CVD risk increased over time following kidney transplantation. Among the four follow-up periods we assessed, the 5-year follow-up period had the highest CVD risk, followed by the 3-year follow-up period. CVD has become a major contributor to graft loss, especially after the first year following transplantation [4]. We applied competing risk methodology and found that the cumulative incidence of cardiovascular events was 5.0% at 1 year after transplantation, 8.1% at 5 years, and 11.9% at 10 years [23]. The cumulative incidence of posttransplant myocardial infarction was 4.3% following transplantation, 4.1%-4.5% at 6 months, 5.6% at 12 months, and 11.1% at 36 months [46]. The cumulative incidence of coronary heart disease following transplantation was 3.1% at 1 year, 5.2% at 3 years, and 7.6% at 5 years [47].

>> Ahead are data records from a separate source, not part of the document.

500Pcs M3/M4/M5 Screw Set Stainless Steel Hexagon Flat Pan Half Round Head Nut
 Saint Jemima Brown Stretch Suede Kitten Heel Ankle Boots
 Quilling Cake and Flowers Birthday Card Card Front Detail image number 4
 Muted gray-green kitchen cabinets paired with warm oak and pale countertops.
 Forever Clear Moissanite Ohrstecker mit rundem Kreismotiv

Our study indicates that the risk of CBD was higher in KTRs compared to non-transplant patients during the 5-year follow-up period. In contrast, the 6-month follow-up period was associated with a lower CBD risk (aHR 0.53, 95% CI: 0.28-0.99). However, the lower limit of the confidence interval is close to negligible. The incidence of posttransplantation stroke in KTRs varies from 1.1% to 8.0% [11-15]. Single-center studies have demonstrated the adverse mortality implications of posttransplantation cerebrovascular disease events in KTRs [13, 48]. The cumulative 3-year incidence of new-onset cerebrovascular events after kidney transplantation was 6.8%. Among patients on the waiting list, this incidence was 11.8%, and among those with graft loss, this was 11.2% [14]. Transplantation reduced the risk of cerebrovascular events by 34% compared with remaining on the waiting list, and the risk of cerebrovascular events increased by more than 150% after graft failure [14]. Cerebrovascular events are associated with negative implications for mortality [14]. Kidney function within the first year after transplantation has consistently been recognized as an important factor that affects longer-term graft survival [49, 50]. KTRs experience a gradual decline in glomerular filtration rate over time, which is strongly associated with donor age and aortic stiffness after the first year following transplantation [51]. A study has shown evidence of the involvement of kidney disease in both the early and later phases of cerebrovascular atherosclerosis and cerebral small vessel disease [52]. Kidney dysfunction was linked to an increased risk of stroke, regardless of the etiological subtype [53]. The incidence of stroke in KTRs was 5% in the first year following transplantation and 9.4% in the second year [15]. This study revealed that the incidence of stroke was relatively lower in the early stages after transplantation but increased in the later stages. Our research shows that the risk of CBD was higher in KTRs than in non-transplant patients over the 5-year follow-up period. On the other hand, the 6-month follow-up period was linked to a lower risk of CBD. This may be associated with initial improvement in kidney function in the early post-transplant period, followed by a gradual decline over time. However, further well-designed controlled prospective studies are needed to confirm whether CBD risk continues to increase over time following kidney transplantation.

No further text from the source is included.